BSW: I think that’s because I was letting these people tell their stories. It was letting these moments be uncovered, and they’re not all depressing. Some are, but they’re poignant, they’re emotional, they’re sometimes uplifting. The fact that you could have someone just be in a circumstance where you can watch something unfold, and you can feel the full emotion of what their own comrades or family members back home might feel, and share that viscerally with them from a distance.

CM: Are there any particular stories that stand out for you that way?

BSW: A few stories do. There’s one of a young man who’d been in the cavalry service for a year in Virginia that simply wants to go home to visit his family. He’s crossed the same river probably as a young person numerous times without a thought or a concern, and yet on this particular occasion, he’s going to come home and crosses the river swollen with heavy rains. He plunges the horse in, and he doesn’t come out. Just the notion that all he wanted to do was “see the home folks,” and then go back to service, and yet he’s not going to be given that opportunity, even though he was on the doorstep of his home.
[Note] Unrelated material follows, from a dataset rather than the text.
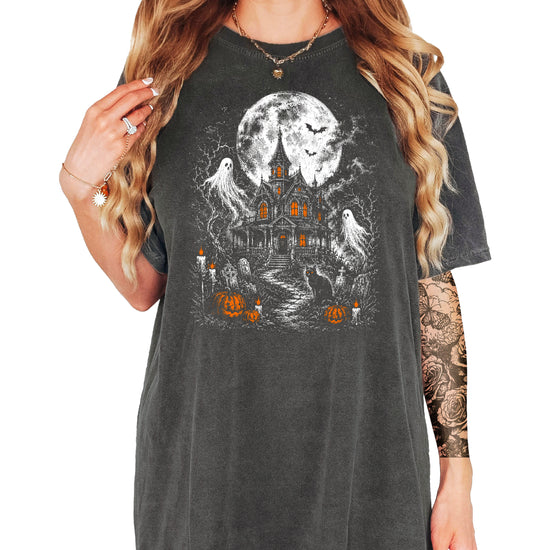 Haunted House Halloween shirt in Pepper, black cat and candles graphic close up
I think that those kinds of things are sad and depressing and poignant, but they’re also part of the full story of what this war wrought and what it meant to the individuals who went off and had these experiences.

I think that in many ways, those stories allowed you to get past the sense that it was dark or depressing, even if there are elements of that in it. One of my friends sent me a story of a man that was just sleepwalking and fell off a steamer he was supposedly traveling on.

CM: Is there anything I haven’t asked you that I should have?

BSW: Let me throw one last thing at you. You talk about poignancy, and I tried to do bookends, in the sense that one of the men that I talk about is a chaplain that goes off to see soldiers, even before they went off to war, and he slips off a plank and drowns in the river. Contrasted against that is the terrible Sultana disaster. Those poor men had survived prison in South Carolina and Andersonville, Georgia, and yet they were killed in that terrible steamboat disaster in the Mississippi River on the Sultana, with a death toll that even surpasses the Titanic.

There was so much tragedy that there is probably another whole volume waiting to be told, like something that a handful of people have already tackled, which is men surviving the war only to perish from the effects of the war in the months and years after the war is over.

Even though I tried to do as much service as I could to the individuals in combat, there are so many more stories that you can’t know that are out there waiting to be told.



2 Responses to A Conversation with Brian Steel Wills about Inglorious Passages (part two)

  1. Hoping you write about the Sultana–one of my faves–if wholesale death can ever be a favorite…

  2. I ordered Inglorious Passages last week and am eagerly awaiting its arrival. Regarding the second to the last paragraph above, can someone list a few names of authors who have written about “men surviving the war only to perish from the effects of the war in the months and years after the war is over”? That sounds like interesting reading.